- page.search_text() did not find certain substrings present in page.free_form_text(). Found two reasons for this behavior.
* The list of ocr-data passed to `find_frirst_word_coord` was page.ocr('words'), which has the entries sorted by word_id. This makes the sort flag of the function obsolete, and second it leads to cases in which the coordinates of sub-strings from page.free_form_text() cannot be found using the function the order of the words in page.free_form_text() is unrelated to word_id.
For example a sub-string of page.free_form_text() might be “brown fox” with the word_id of “brown” being equal to 3 and “fox” being equal to 8. In this case find_first_word_coords would not find the coordinates, as it would break the for-loop as the word with word_id 4 is not “fox”.

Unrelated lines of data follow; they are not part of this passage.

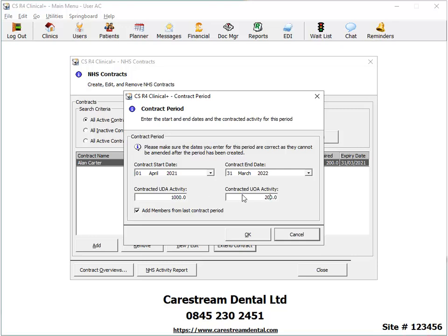To add all the same members from the previous contract period, select the option at the bottom of the window.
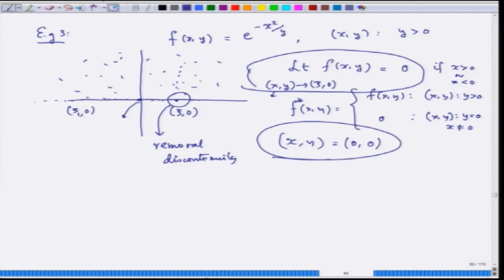It is very interesting that even though the whole line seems problematic since the function was not defined there, we can still redefine the function on the whole line and make it continuous. But there will still be the origin point where the function is not defined and not continuous. Except at (0,0), the new function f* has been made continuous everywhere. Be very careful in handling these things when you go through examples and homework.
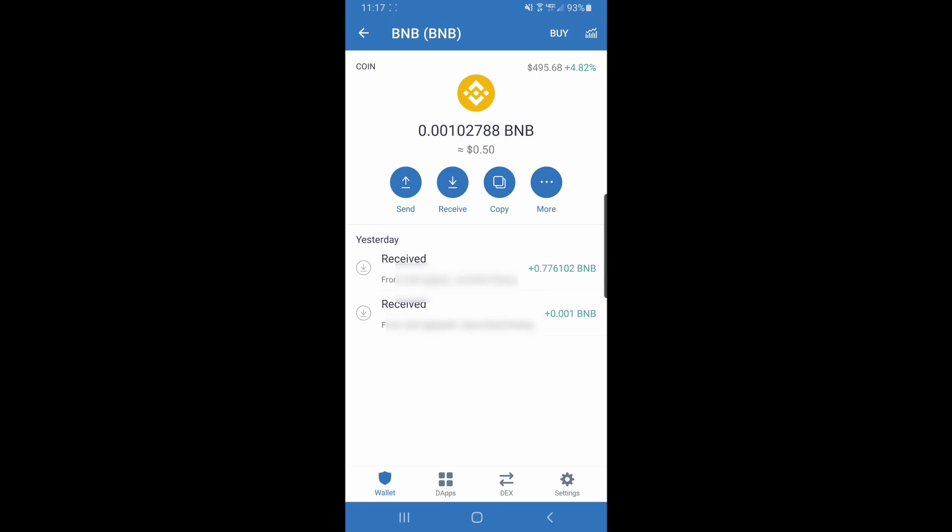Once that occurs, you are then going to click more over at the top right. It's going to open up a secondary window at the bottom. You're then going to click swap coins.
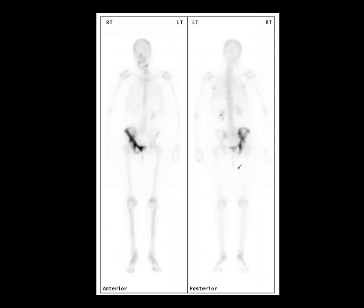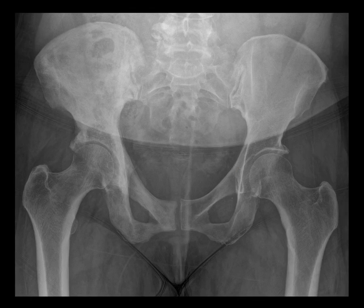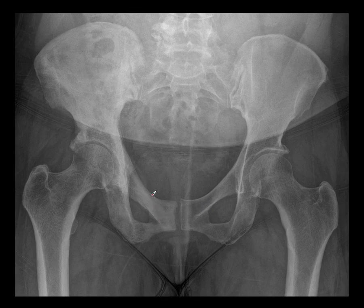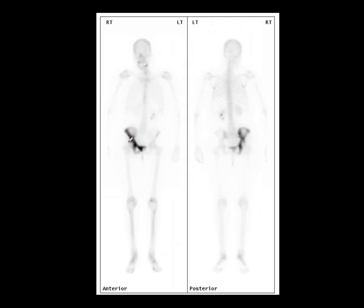Metastases quite often present as round areas which destroy bone and pass through it rather than conforming to the shape. On x-ray, the signs we're looking for in Paget's disease are cortical thickening, thickening of the trabeculae, and enlargement of the bone. There's sclerosis here with thickening of trabeculae, which is certainly very suggestive of Paget's disease, and this is quite a typical appearance in conjunction with the scintigraphic findings.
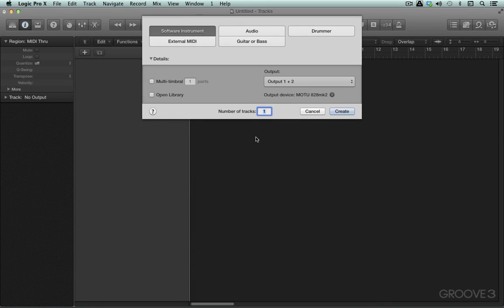None of Logic's built-in instruments are truly multi-timbral. I say truly because the organ partially is—it responds on three different channels—but none in the real sense of what multi-timbral instances mean.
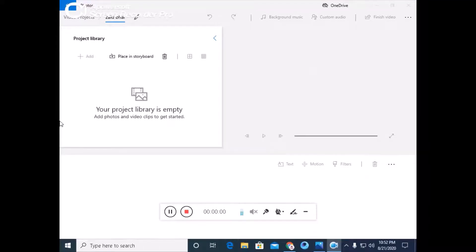Hello everyone. Today's video is going to be very important for beginners and YouTubers who don't have a good PC to edit their videos. You can edit your videos for free, but for this video editor you have to use Windows 10. This is not available in Windows 7 or Windows 8.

This behavior was fixed by passing the ocr data in the same order as in page.free_form_text(), still giving the option to sort it by word_id using the sort-flag.

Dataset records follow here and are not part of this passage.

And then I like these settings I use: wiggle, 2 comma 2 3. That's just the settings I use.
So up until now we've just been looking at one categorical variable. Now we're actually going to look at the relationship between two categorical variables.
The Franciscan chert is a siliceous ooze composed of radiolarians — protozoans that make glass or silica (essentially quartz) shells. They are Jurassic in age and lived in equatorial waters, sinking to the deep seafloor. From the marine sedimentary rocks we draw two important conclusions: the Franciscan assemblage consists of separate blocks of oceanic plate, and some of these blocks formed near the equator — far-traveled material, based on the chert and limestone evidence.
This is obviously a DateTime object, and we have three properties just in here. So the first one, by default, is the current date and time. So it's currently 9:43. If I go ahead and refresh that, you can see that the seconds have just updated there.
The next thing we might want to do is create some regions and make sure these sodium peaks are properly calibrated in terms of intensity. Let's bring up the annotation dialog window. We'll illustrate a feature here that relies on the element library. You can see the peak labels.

* Inside the find_first_word_coord function the words of the sub-string were always put through a cleanup regex before being compared to the ocr_text (which was not cleaned up if the clean-flag was set to false). This leads to cases in which a sub-string such as “Phone: 12345” would not be found as “Phone:” would be cleaned up to “Phone”.
This was fixed by either putting the words of the sub-string as well as the values for ocr_text through a cleanup regex or neither of them, depending on the clean-flag.